Smart Labels; UK's Biggest Reuse, Repair and Recycle Centre; Wales to Ban Plastic Bags; and the Return of International E-Waste Day.
In this month’s roundup, we pull together our pick of the latest environmental news and innovations from the last month.
Smart Labels to Replace Best Before Dates
Packaging News. (16/09/2022)
Food technology company OliTec’s smart labels can be applied to a temperature-sensitive product at the time of packaging, offering a visual representation of freshness.
This is seen as a much needed replacement to standard best before dates, as it offers the chance to mimic the product’s lifecycle, providing greater clarity than the traditional alternative.
The technology communicates throughout the life of the product with a visual timeline that speeds up and slows down depending on temperatures.
They can be applied to products that are sensitive to temperature changes and that have a 5-15 day life span at 5 degrees and is able to be applied to any product packaging due to its flat adhesive design. A trial in Denmark with alternative time temperature indicates demonstrated that the use of the labels could reduce food waste from 25%-65% depending on the food category.
Nicholas Richardson, CEO of OliTec believes the technology can be applied at any point of packaging, allowing for better management of the supply chain by identifying the area where there have been temperature variations.
UK's Biggest Reuse and Repair Facility Reaches Milestone
In its first year, the facility has renovated and resold more than 50,000 items, leading to over 500 tonnes of material diverted from landfill.
The Renew Hub, based at Trafford Park in Greater Manchester, is a 5000m2 operation that brings together mechanics, technicians, tradespeople, and charities, to repair, reuse, and eventually sell the refurbished items.

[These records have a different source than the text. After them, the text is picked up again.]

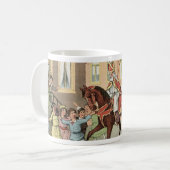 Mug Cru néerlandais Saint-Nicolas de St Nick de (Devant gauche)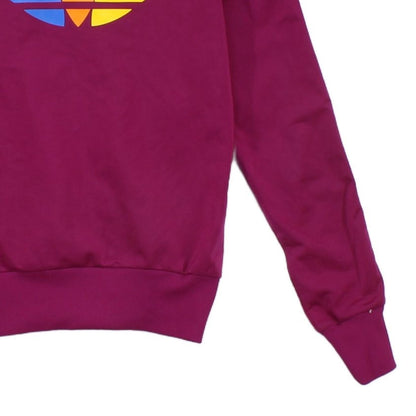 Womens Firebird Track Jacket Trefoil Logo Retro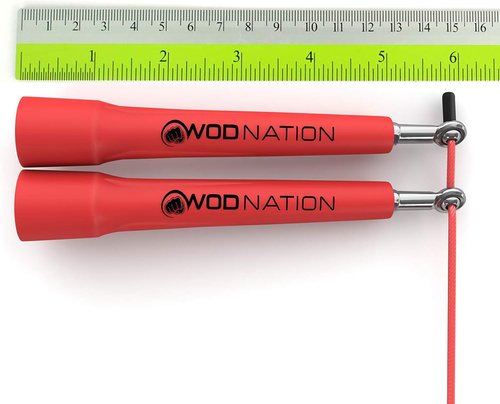 Adjustable Speed Jump Rope for Fitness - Perfect for Boxing, MMA & All Ages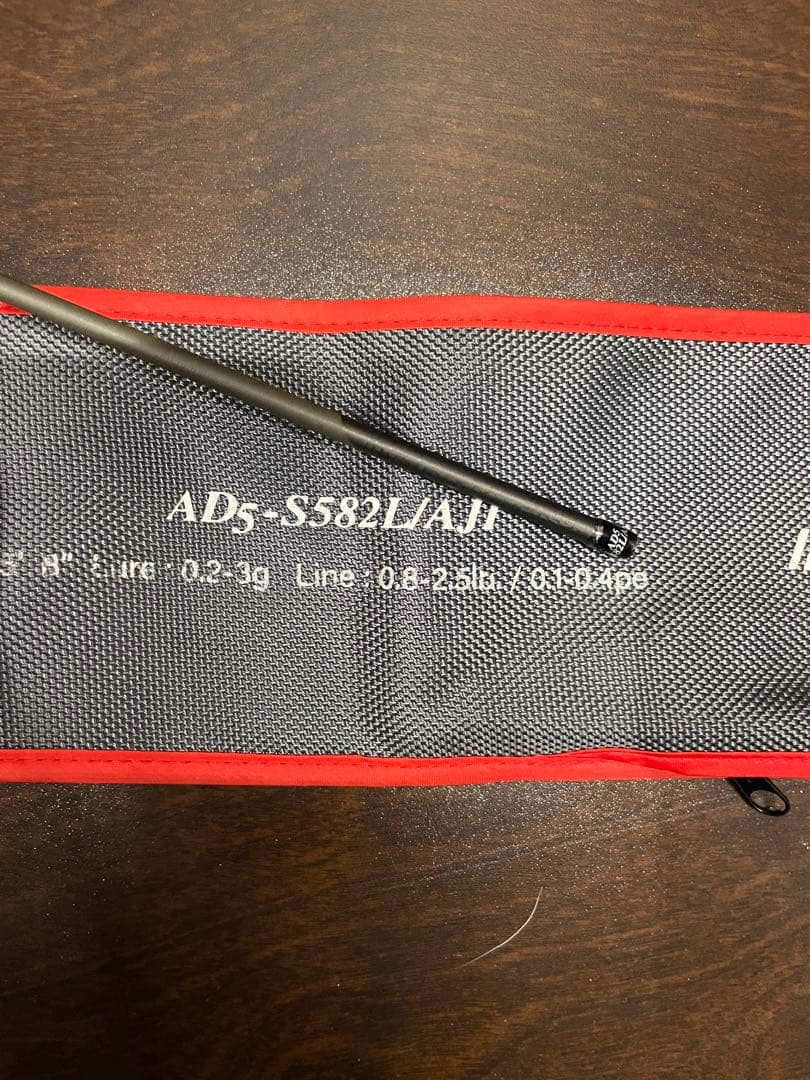 鯵道　5g S582L/AJI 穂先のみ　ジャンク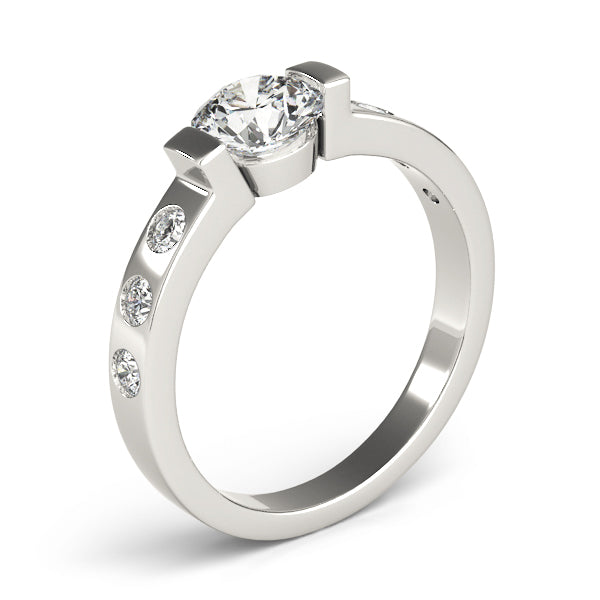Round Engagement Ring M83592-1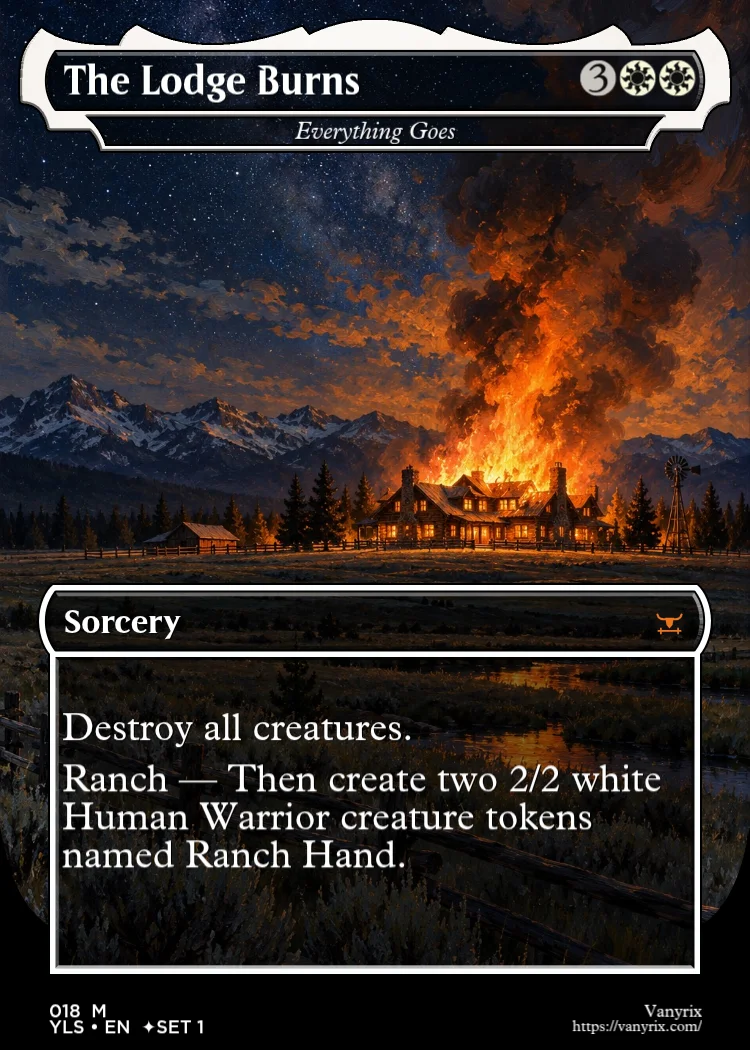 The Lodge Burns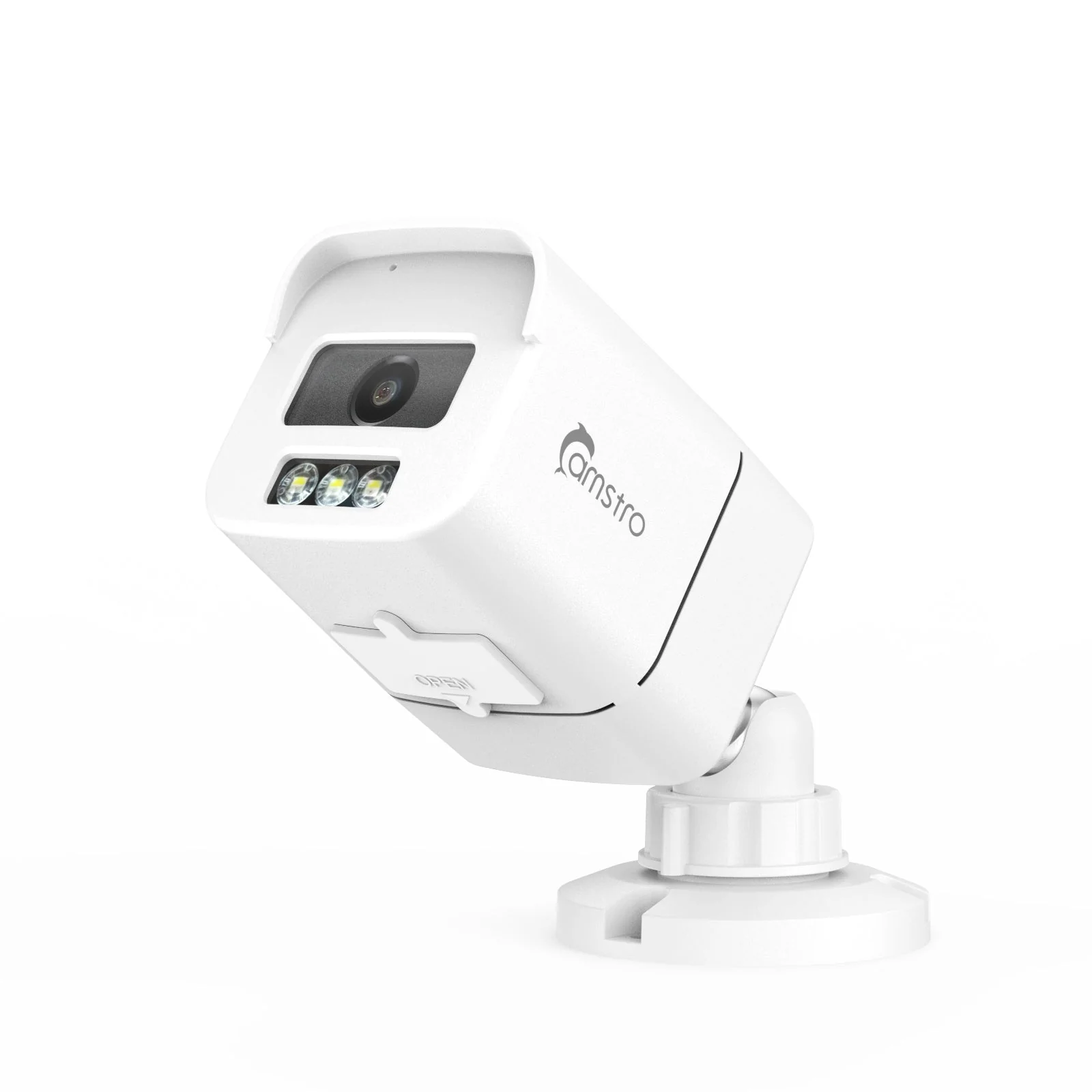8MP IP Cameras, Color Night Vision, Two-Way Audio Intercom, IP67 Weatherproof - Image 5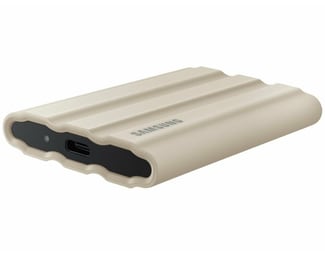 Samsung T7 Shield USB Type-C SSD 1TB 2.5" - Μπεζ image 1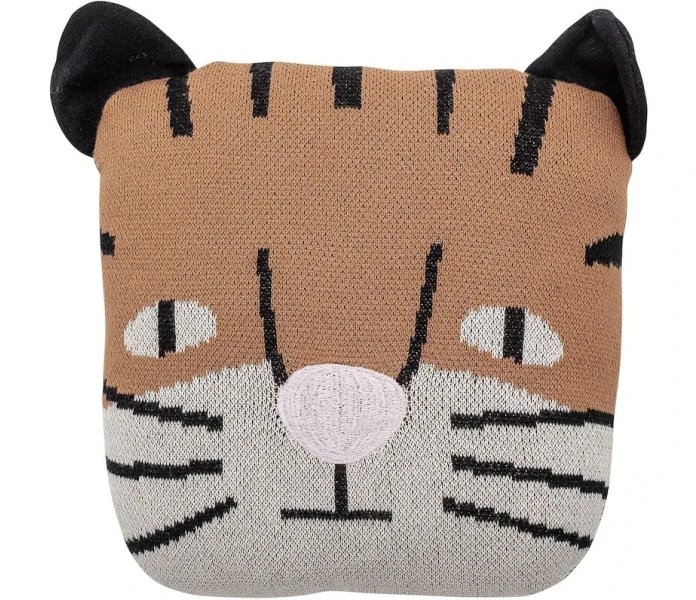 bloomingville muzamel tyyny pehmolelu oranssi kudde kramdjur orange tiikeri tiger 1 kuva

The facility receives its items through public donations or from household waste recycling centres. When refurbished, they are sold online or through its three shops located at recycling centres in Oldham, Salford, and Trafford.

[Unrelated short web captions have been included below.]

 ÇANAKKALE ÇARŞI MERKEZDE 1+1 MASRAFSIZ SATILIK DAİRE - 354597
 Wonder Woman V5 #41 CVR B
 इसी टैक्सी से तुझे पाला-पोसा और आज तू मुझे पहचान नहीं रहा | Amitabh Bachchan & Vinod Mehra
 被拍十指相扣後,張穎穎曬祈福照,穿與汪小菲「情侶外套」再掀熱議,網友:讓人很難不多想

All the proceeds from sales go towards the Recycle for Greater Manchester Community Fund and the Greater Manchester Mayor’s Charity, which benefit local community groups working towards creating a circular economy.
In addition, the facility also says that it has created 20 new jobs from its operations, and now has plans to launch its own non-profit online shop to sell antiques, furniture, and collectables.

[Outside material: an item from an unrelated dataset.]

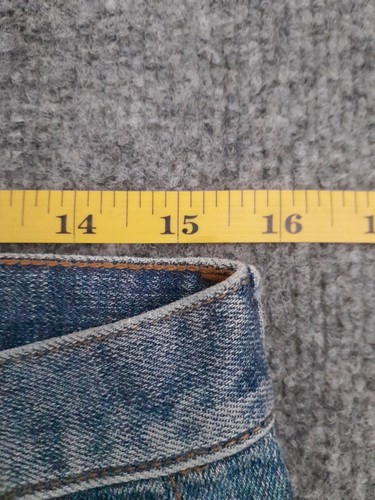 Vintage Lauren Jeans Co Womens 10 (31x31) Blue Denim Fade Flared Leg Designer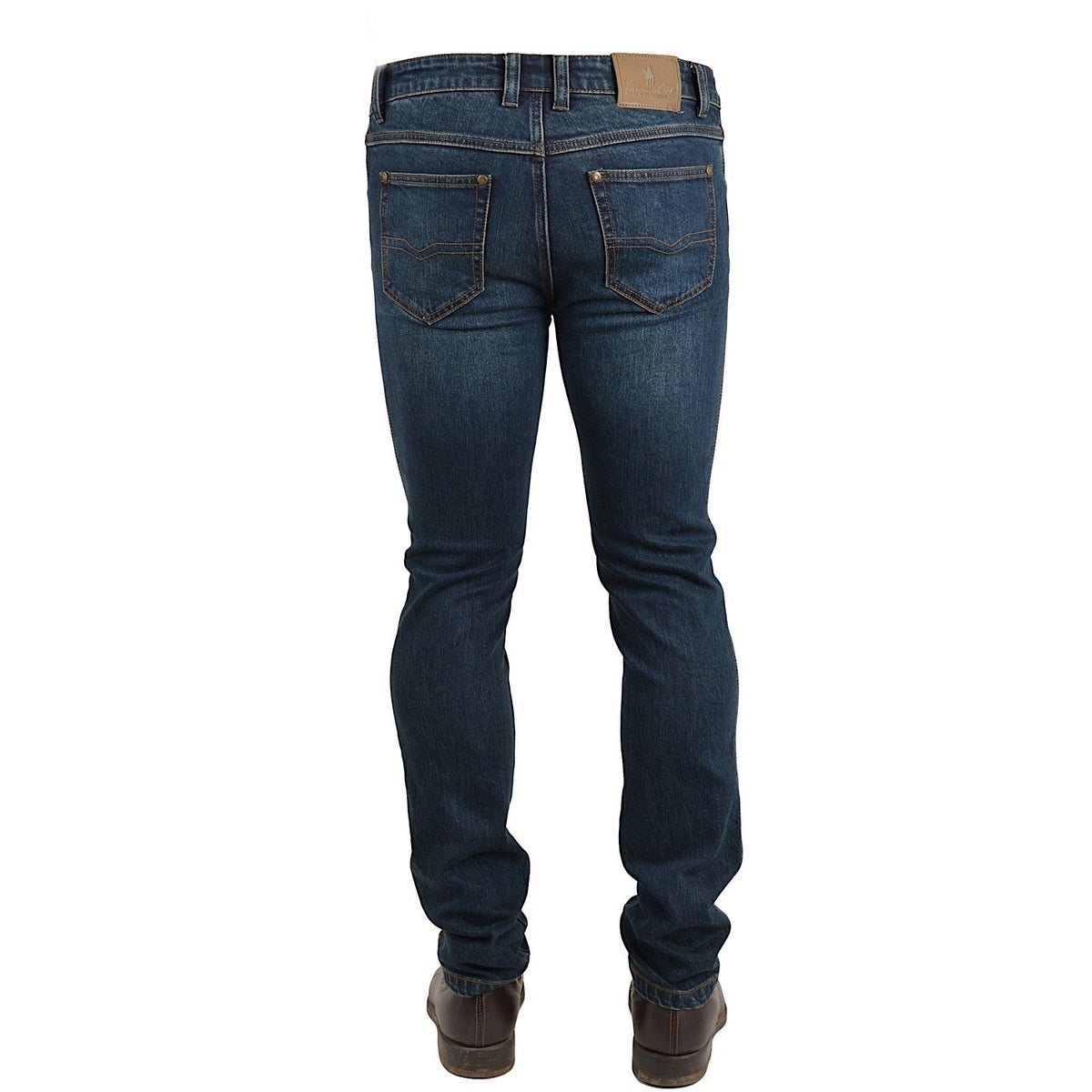 Thomas Cook Men’s Andrew Slim Leg Jean 32’’ Leg Dark Indigo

GMCA Lead for the Green City-Region and Waste and Recycling, Cllr Martyn Cox, said: “We need to be thinking about the things we throw away, and the Hub proves that much of what you think is irreparable can actually be repaired. It can be used and loved again with the help of our skilled teams and partners upcycling furniture, repairing bikes, and washing machines, and generally seeing the potential in someone else’s unwanted items.”
Wales to Ban Plastic Bags
A historic move that would mean those caught supplying plastic bags could face prosecution and a fine.
As part of the Welsh Environmental Protection Bill, it will be the first country in the UK to take a step towards banning single-use carrier bags. This already follows Wales’s success in becoming one of the first countries in the world to implement a charge for single-use bags.
Minister for climate changes, Julie James said: “This is a big moment in our journey towards a plastic-free Wales. Single-use plastic products are often seen littered in our streets, parks and seas. Not only are they unsightly, but they have a devastating impact on our wildlife and environment.”
International E-Waste Day 2022
Circuluar Online (20/09/2022)
On 14th October, the day dedicated to raising awareness on the impact E-Waste has on the environment returns. Set to focus on small, end-of-life electrical appliances and components that present a significant challenge in recycling, following the slogan - “Recycle it all, no matter how small!”
Due to their small size, items such as mobile phones and electric toothbrushes are often discarded incorrectly. This means the important sometimes hazardous raw materials they contain cannot be extracted properly.
According to the UN, it is estimated that in 2019, over 22 million tonnes of small E-Waste was produced worldwide, making 40% of the total global E-Waste.
International E-Waste Day encourages people and businesses from all over the world to take part in activities and campaigns through social media, TV, and radio to promote awareness.